U.S. President Donald Trump on Friday said he hoped for productive talks with Chinese President Xi Jinping on a trade war that is casting a shadow on global growth, but said he had not made any promises about a reprieve from escalating tariffs.
The trade feud and signs of a global slowdown have loomed over a two-day Group of 20 (G20) summit in the Japanese city of Osaka, where Trump and Xi met in passing and prepared for one-on-one talks on Saturday.
To lay the groundwork, Chinese Vice Premier Liu He met Trump’s treasury secretary, Steven Mnuchin, and Trade Representative Robert Lighthizer at the hotel where the U.S. delegation was staying, a source familiar with the talks said.
Expectations have dimmed that the world’s two biggest economies can ease tension when Trump and Xi meet.
“At a minimum it will be productive.

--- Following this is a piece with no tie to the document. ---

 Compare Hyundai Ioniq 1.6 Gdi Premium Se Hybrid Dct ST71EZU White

We’ll see what happens and what comes out of it,” Trump told reporters after a series of meetings with leaders where he made clear that his priority was two-way trade deals to boost the U.S. economy.
Asked, however, if he had promised Xi a six-month reprieve on imposing new tariffs on a $300 billion list of Chinese imports, Trump said: “No.”

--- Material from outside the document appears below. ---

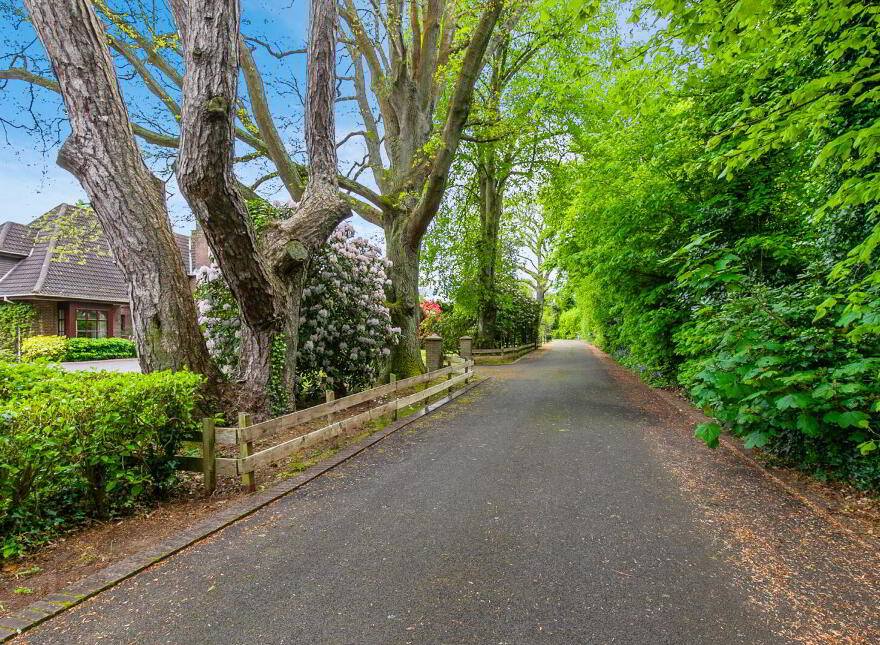 2 Lorne Lane, Station Road, Holywood, BT18 0NW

Trump has already imposed tariffs on $250 billion of Chinese imports and is threatening to extend those to another $300 billion of goods, effectively everything China exports to the United States. China has retaliated with tariffs on U.S. imports.
Asian shares stumbled and gold slipped on Friday, as doubts grew that the highly anticipated meeting between the two leaders would bring progress. Wall Street edged higher.
The best-case scenario for the talks was a resumption of trade negotiations, Marc Short, the chief of staff for U.S. Vice President Mike Pence, told reporters at the White House on Friday.
Talks fell apart in May after the United States accused China of reneging on reform pledges made earlier in negotiations.